No fim, o Ibama (Instituto Brasileiro do Meio Ambiente e dos Recursos Naturais Renováveis) concedeu a autorização para a Petrobras seguir com o empreendimento em 20 de outubro. A COP30 começou na segunda, dia 10 de novembro.
Em entrevista à Folha no final de outubro, o presidente do instituto, Rodrigo Agostinho, reiterou que a decisão obedeceu critérios técnicos e afirmou que seria hipocrisia esperar a conferência para, só depois, publicar a licença.
Ele lembrou, inclusive, que o governo de Jair Bolsonaro (PL) adiou a divulgação de dados negativos sobre desmatamento, justamente por receio de isso impactar a imagem do Brasil na COP.
Agora, grupos da sociedade civil tenta aproveitar a visibilidade da conferência para promover suas críticas ao empreendimento.
“Eu espero que o efeito prático desse debate seja uma conscientização para que se veja que os impactos da exploração são muito mais danosos do que aquilo que foi propagado até agora”, afirma o procurador regional da República Felício Pontes Jr.
O evento do MPF aconteceu na Green Zone, espaço oficial da COP30 para que empresas e a sociedade civil promovam debates, mas que não integra a agenda oficial de negociações diplomáticas da conferência.
Essa acontece na Blue Zone, na qual países podem promover suas pautas e onde acontecem as discussões sobre os temas formais da conferência.
Nessa área não há eventos oficiais para discutir a Foz do Amazonas, uma vez que o tema é uma questão interna do Brasil.
Mesmo assim, ONGs tentam encontrar brechas para pautar o assunto e pressionar o governo brasileiro.

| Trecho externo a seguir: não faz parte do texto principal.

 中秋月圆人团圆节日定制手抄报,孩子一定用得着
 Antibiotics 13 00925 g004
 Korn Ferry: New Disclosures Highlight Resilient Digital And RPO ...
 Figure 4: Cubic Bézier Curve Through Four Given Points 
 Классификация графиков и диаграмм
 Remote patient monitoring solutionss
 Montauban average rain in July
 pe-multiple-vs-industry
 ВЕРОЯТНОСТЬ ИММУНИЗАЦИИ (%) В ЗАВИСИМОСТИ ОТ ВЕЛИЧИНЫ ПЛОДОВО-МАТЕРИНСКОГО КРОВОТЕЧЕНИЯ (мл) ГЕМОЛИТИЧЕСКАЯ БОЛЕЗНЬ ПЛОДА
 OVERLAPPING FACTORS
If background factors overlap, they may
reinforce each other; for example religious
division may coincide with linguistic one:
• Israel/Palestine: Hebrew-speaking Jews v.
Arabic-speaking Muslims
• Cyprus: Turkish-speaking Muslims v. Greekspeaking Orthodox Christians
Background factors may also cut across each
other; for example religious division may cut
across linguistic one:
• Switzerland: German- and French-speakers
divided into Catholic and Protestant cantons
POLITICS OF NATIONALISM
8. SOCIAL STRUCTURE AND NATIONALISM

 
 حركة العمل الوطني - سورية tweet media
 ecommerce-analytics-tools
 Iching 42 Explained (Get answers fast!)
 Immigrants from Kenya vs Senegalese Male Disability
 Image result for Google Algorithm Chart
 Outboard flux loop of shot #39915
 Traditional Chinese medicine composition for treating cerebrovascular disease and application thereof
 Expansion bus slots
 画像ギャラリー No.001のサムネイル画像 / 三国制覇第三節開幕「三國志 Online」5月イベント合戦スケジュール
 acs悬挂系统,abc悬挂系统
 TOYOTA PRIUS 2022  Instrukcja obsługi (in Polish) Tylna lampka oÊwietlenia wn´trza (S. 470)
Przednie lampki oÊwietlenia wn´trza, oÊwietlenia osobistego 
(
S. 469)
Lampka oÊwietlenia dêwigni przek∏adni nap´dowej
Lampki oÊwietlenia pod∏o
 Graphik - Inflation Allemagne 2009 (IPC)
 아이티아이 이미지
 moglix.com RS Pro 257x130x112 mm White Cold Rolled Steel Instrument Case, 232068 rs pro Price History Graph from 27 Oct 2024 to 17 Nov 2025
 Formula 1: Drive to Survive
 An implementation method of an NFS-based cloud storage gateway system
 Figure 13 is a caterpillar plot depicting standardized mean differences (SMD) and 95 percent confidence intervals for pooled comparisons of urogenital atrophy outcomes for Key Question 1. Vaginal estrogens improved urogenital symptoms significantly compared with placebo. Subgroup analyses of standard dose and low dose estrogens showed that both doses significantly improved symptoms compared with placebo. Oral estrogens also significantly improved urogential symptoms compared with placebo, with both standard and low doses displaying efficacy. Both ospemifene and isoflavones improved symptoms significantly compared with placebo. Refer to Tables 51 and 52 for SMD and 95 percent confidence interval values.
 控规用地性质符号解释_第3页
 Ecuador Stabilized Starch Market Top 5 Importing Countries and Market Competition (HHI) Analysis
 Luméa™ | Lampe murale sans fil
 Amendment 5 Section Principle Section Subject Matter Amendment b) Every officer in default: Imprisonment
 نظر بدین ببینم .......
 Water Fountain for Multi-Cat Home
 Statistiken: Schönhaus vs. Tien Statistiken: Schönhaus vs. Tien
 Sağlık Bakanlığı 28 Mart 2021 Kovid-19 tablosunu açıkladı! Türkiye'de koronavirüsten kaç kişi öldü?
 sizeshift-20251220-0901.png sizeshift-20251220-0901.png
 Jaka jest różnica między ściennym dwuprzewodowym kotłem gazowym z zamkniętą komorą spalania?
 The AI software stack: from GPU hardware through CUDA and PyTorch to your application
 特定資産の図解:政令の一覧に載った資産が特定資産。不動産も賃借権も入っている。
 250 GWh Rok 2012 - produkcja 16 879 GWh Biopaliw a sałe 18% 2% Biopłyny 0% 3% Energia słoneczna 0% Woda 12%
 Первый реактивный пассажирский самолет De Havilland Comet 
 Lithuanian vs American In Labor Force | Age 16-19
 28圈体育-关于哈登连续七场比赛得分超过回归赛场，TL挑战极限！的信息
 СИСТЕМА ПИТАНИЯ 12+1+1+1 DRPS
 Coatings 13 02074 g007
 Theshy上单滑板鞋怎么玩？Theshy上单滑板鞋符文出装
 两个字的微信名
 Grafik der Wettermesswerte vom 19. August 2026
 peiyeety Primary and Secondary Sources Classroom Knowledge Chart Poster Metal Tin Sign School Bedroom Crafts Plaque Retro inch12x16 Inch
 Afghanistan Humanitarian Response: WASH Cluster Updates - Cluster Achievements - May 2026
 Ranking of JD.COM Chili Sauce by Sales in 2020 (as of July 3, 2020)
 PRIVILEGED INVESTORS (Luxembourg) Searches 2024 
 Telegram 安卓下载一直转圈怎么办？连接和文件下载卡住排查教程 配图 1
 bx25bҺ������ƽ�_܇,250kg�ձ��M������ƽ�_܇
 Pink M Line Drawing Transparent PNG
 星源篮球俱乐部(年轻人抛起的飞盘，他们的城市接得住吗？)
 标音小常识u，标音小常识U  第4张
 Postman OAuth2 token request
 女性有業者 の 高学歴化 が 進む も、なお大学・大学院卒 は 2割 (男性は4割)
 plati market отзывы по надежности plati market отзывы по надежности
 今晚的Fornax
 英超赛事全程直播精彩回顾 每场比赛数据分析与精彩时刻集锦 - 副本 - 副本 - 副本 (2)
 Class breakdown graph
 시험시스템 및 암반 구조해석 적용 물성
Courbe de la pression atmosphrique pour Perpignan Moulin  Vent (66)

Nesta terça, o Instituto Arayara participou de uma entrevista coletiva sobre os recursos que impulsionam a exploração de petróleo na América Latina e no Caribe, e de um evento paralelo acerca do financiamento para países em desenvolvimento reduzirem o uso de fósseis.
Em ambas as situações, a organização aproveitou para falar sobre o tema.
Nicole Oliveira, diretora-executiva do instituto, disse que o objetivo é “mostrar a incoerência do discurso do Lula com relação ao que ele falou sobre os fósseis e o que ele tem feito na política doméstica” e conseguir conseguir apoio de países.
Ela cita, por exemplo, França, Costa Rica e as nações insulares como sensíveis ao tema. Defende que o Fundo de Florestas para Sempre tenha mecanismos para impedir o financiamento de projetos sobrepostos a poços de petróleo. Lula é um dos principais defensores do fundo.
“Queremos que exista uma pressão diplomática e política para que o governo se comprometa num texto, num acordo que fale de combustíveis fósseis que não seja algo para reduzir lentamente, mas um compromisso real”, afirmou ela.